The characteristic of the people’s commune is that it is the basic level at which industry, agriculture, the military, education, and commerce are to be integrated in our social structure. At the present time it is the basic-level administrative organization. The militia deals with foreign threats, especially from the imperialists. The commune is the best organizational form for carrying out the two transitions, from socialist (the present) to all-embracing public, and from all-embracing public to communist ownership. In future, when the transitions have been completed, the commune will be the basic mechanism of communist society.
[References given here have been compiled from sources other than the Maoist Documentation Project as well. — Transcriber, MIA.]
 The book at issue in this critique is Economic Problems of Socialism in the USSR by J.V. Stalin. The full contents of this work are available through the Joseph Stalin Reference Archive. The Marxists Internet Archive version of Economic Problems is a transcription of the edition published by Foreign Languages Press, Peking: 1972 (First Edition)
The date for this document in the 1967 edition of Selected Works, Volume 6 is 1959. The 1969 edition dates it in 1958. There was no Ch’engchou (Chengzhou) Conference in November 1959, but there was one in November 1958. The document almost certainly dates from this earlier time.
 Reply to Comrades A. V. Sanina and V. G. Venzher, included in Economic Problems.
 Recipient of Stalin’s second letter, included in Economic Problems.
 The wage system established in 1953 emphasized predominately short-term individual material incentives.

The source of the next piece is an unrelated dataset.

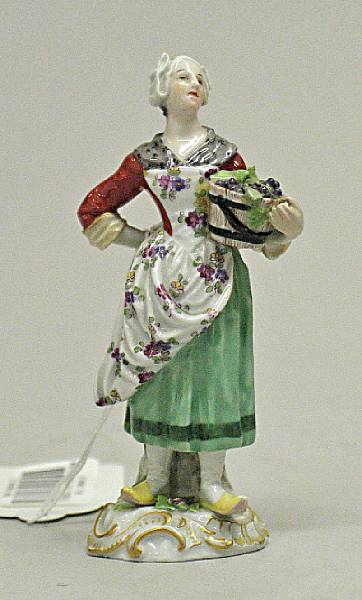 Appraisal: A Meissen porcelain figure of a woman mid th century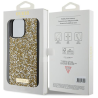 Guess Rhinestone Metal Logo Case for Apple iPhone 15 Pro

It established an eight-grade wage point system ranging from 139 to 390 wage points per month. Similar work in different regions would receive an equal number of work points, but the value of work points varied according to regional costs of living. By 1956, the wage point system had been replaced by a wage system, but the eight-grade structure was retained.
 Experimental fields sought to develop new and advanced techniques, such as close planting, early planting, deep ploughing, etc. If successful in increasing output, the techniques would be popularized throughout China. By increasing production and thus the total wage fund, the experimental field concept could help undermine the ideological base of the graded wage system by demonstrating that specialists could learn from the peasants.
 This is identical, in Chinese, to ownership by the whole people.